_Problem_:
Give the listing again character for character, but drop the images.

_Records_:

>>

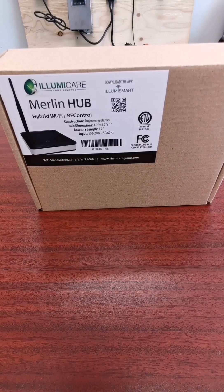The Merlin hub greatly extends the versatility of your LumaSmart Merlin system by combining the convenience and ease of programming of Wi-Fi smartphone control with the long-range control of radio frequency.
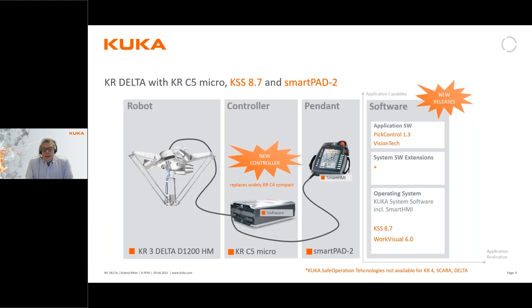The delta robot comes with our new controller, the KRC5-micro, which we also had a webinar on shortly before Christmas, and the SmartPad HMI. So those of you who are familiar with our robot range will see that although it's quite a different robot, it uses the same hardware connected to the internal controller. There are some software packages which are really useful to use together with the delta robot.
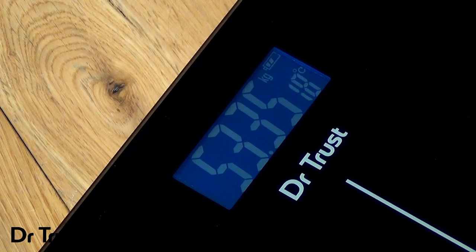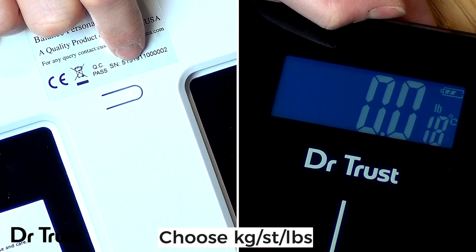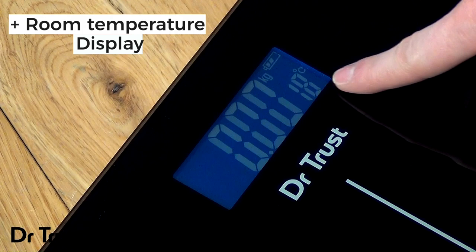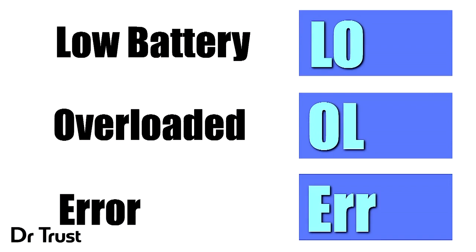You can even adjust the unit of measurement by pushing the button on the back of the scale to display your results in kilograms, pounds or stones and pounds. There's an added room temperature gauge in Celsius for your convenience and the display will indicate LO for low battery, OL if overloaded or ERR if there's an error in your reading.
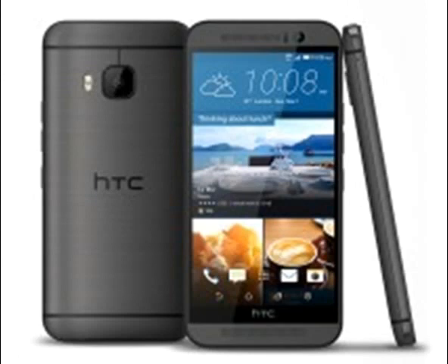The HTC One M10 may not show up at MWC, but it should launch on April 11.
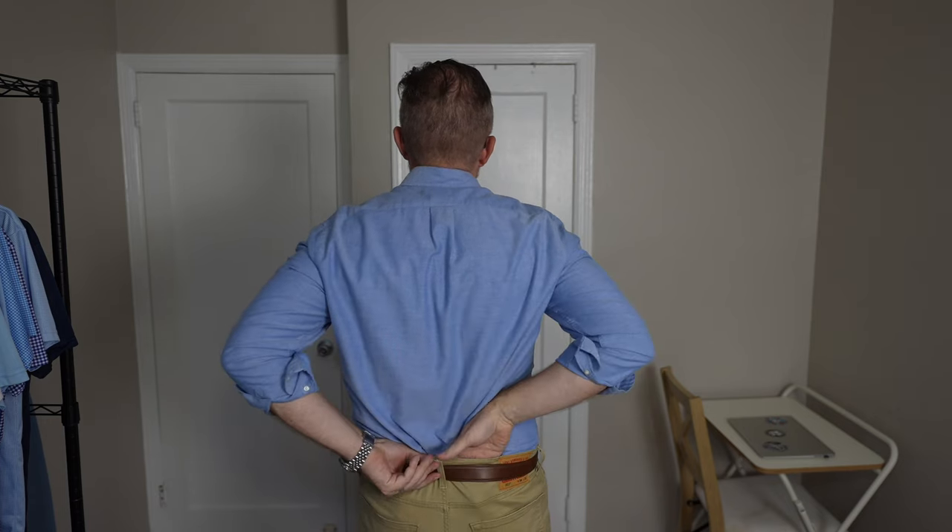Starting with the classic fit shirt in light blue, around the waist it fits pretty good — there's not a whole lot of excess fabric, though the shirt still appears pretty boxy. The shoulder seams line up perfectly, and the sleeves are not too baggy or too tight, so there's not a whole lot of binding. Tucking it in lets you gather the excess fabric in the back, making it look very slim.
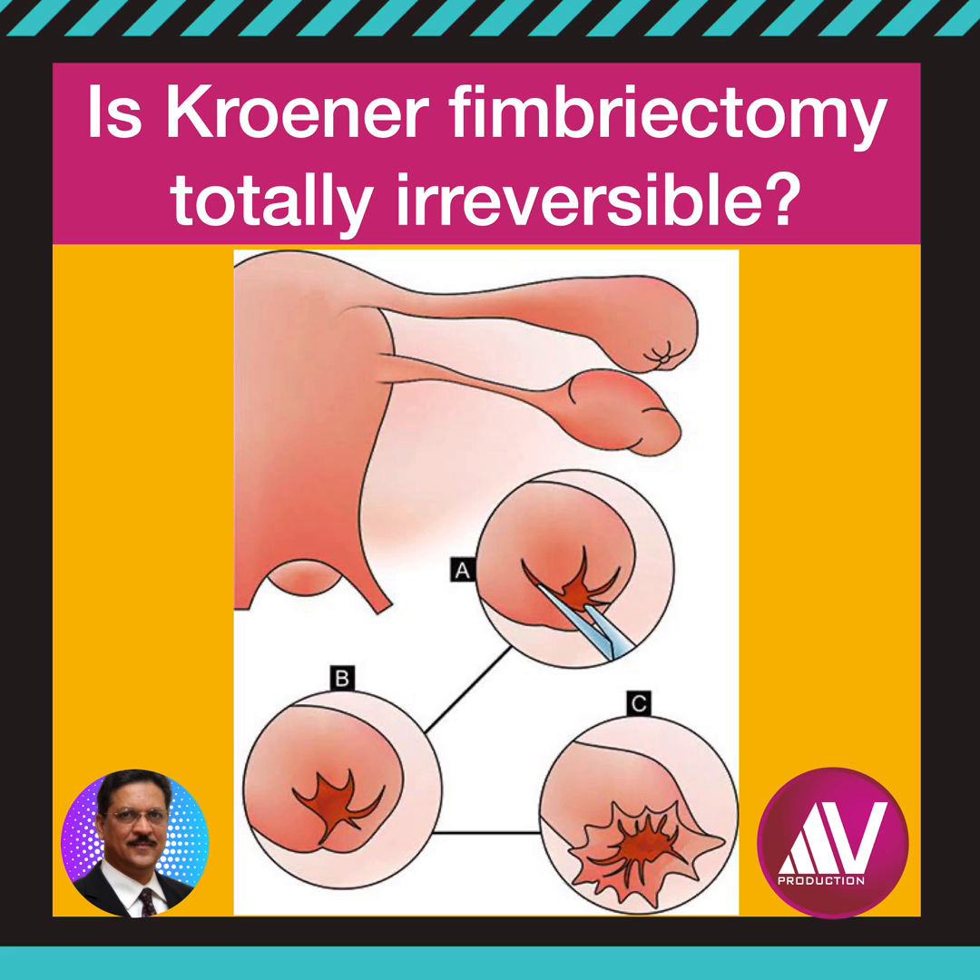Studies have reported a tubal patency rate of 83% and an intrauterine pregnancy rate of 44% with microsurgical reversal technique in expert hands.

<<

_Result of this exercise_:
The Merlin hub greatly extends the versatility of your LumaSmart Merlin system by combining the convenience and ease of programming of Wi-Fi smartphone control with the long-range control of radio frequency.
The delta robot comes with our new controller, the KRC5-micro, which we also had a webinar on shortly before Christmas, and the SmartPad HMI. So those of you who are familiar with our robot range will see that although it's quite a different robot, it uses the same hardware connected to the internal controller. There are some software packages which are really useful to use together with the delta robot.
You can even adjust the unit of measurement by pushing the button on the back of the scale to display your results in kilograms, pounds or stones and pounds. There's an added room temperature gauge in Celsius for your convenience and the display will indicate LO for low battery, OL if overloaded or ERR if there's an error in your reading.
The HTC One M10 may not show up at MWC, but it should launch on April 11.
Starting with the classic fit shirt in light blue, around the waist it fits pretty good — there's not a whole lot of excess fabric, though the shirt still appears pretty boxy. The shoulder seams line up perfectly, and the sleeves are not too baggy or too tight, so there's not a whole lot of binding. Tucking it in lets you gather the excess fabric in the back, making it look very slim.
Studies have reported a tubal patency rate of 83% and an intrauterine pregnancy rate of 44% with microsurgical reversal technique in expert hands.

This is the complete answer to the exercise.